**Your task**
Everything in the listing that follows should be reproduced exactly except the pictures.

┌─ Given information

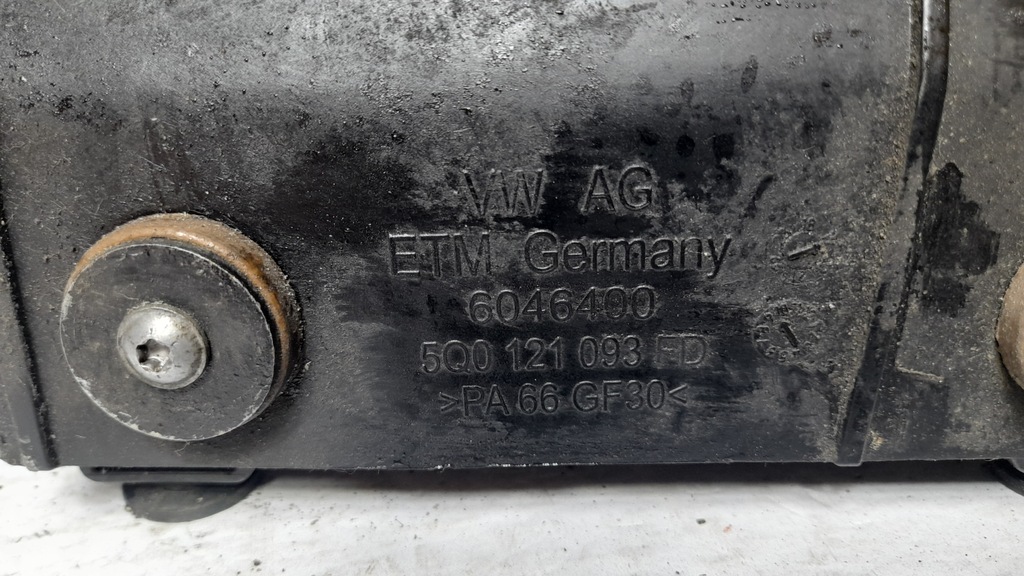 фото №10, Audi a3 s3 8v 16-20 дополнительная радиатор wody 5q0121093 2.0 tfsi usa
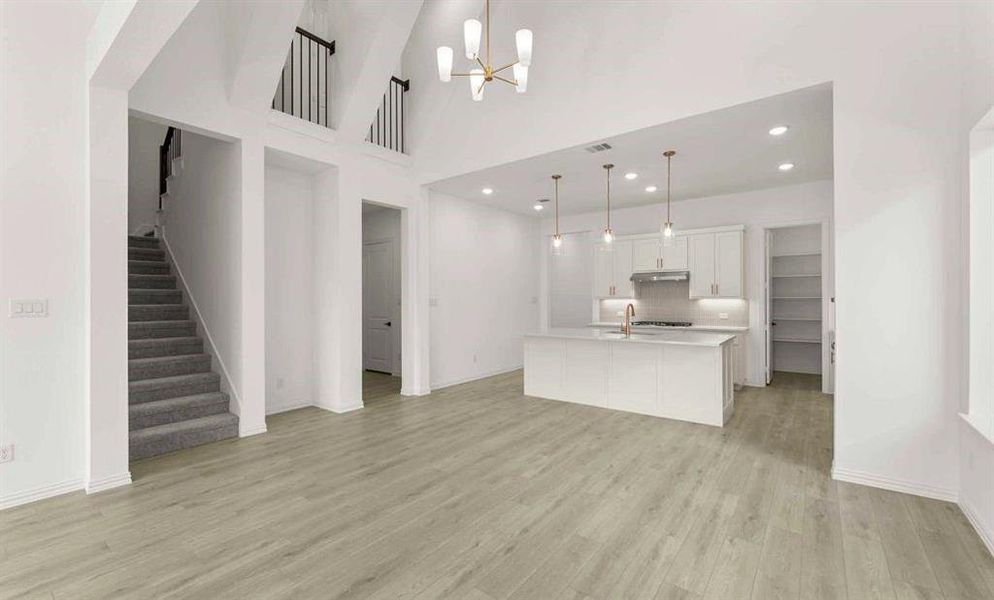 Spacious, unfurnished interior of a new home in Inspiration, Wylie (Image 14).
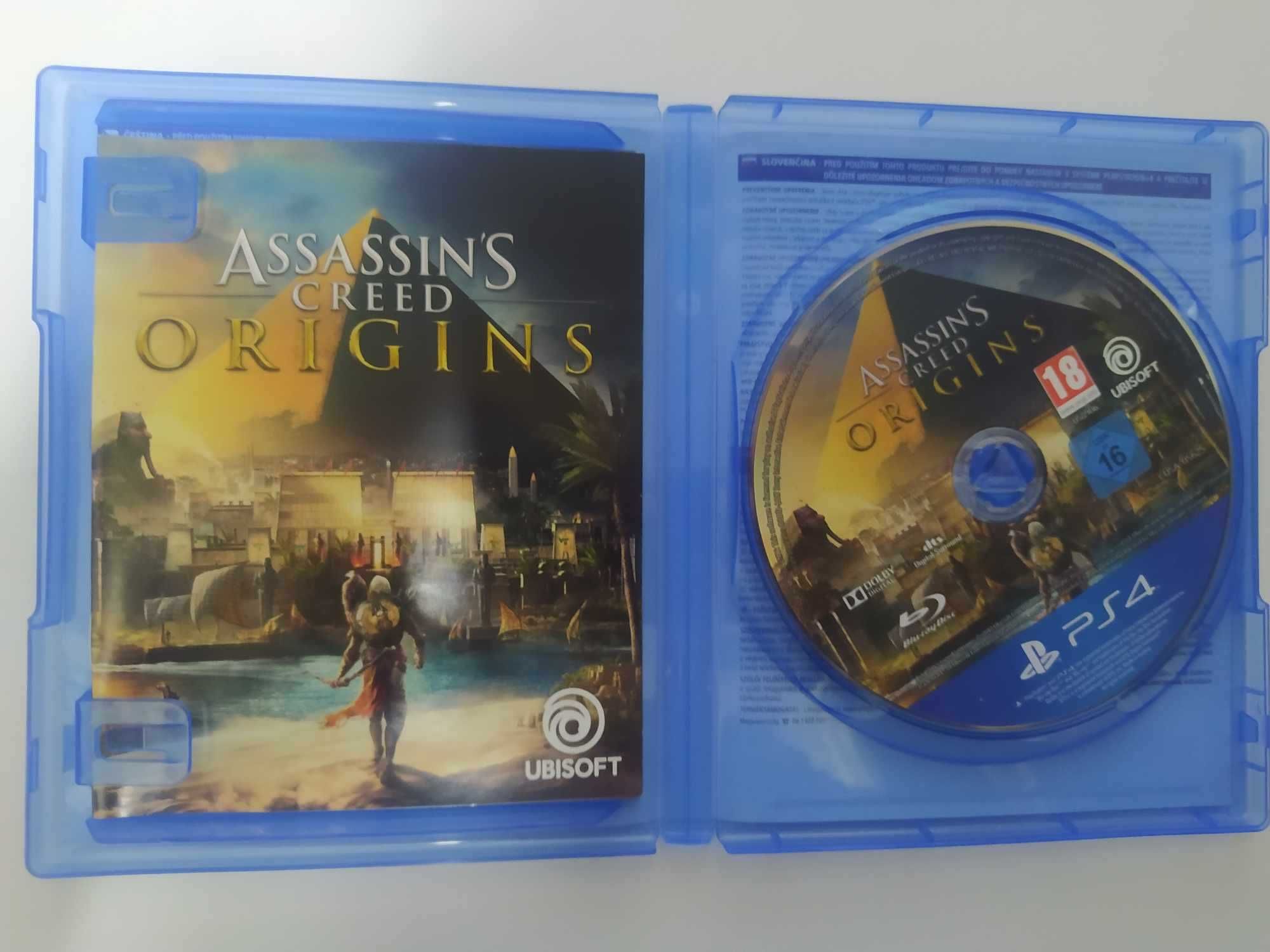 Assassin’s Creed Origins PS4 Polska wersja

└─

**Answer to this task**
 фото №10, Audi a3 s3 8v 16-20 дополнительная радиатор wody 5q0121093 2.0 tfsi usa
 Spacious, unfurnished interior of a new home in Inspiration, Wylie (Image 14).
 Assassin’s Creed Origins PS4 Polska wersja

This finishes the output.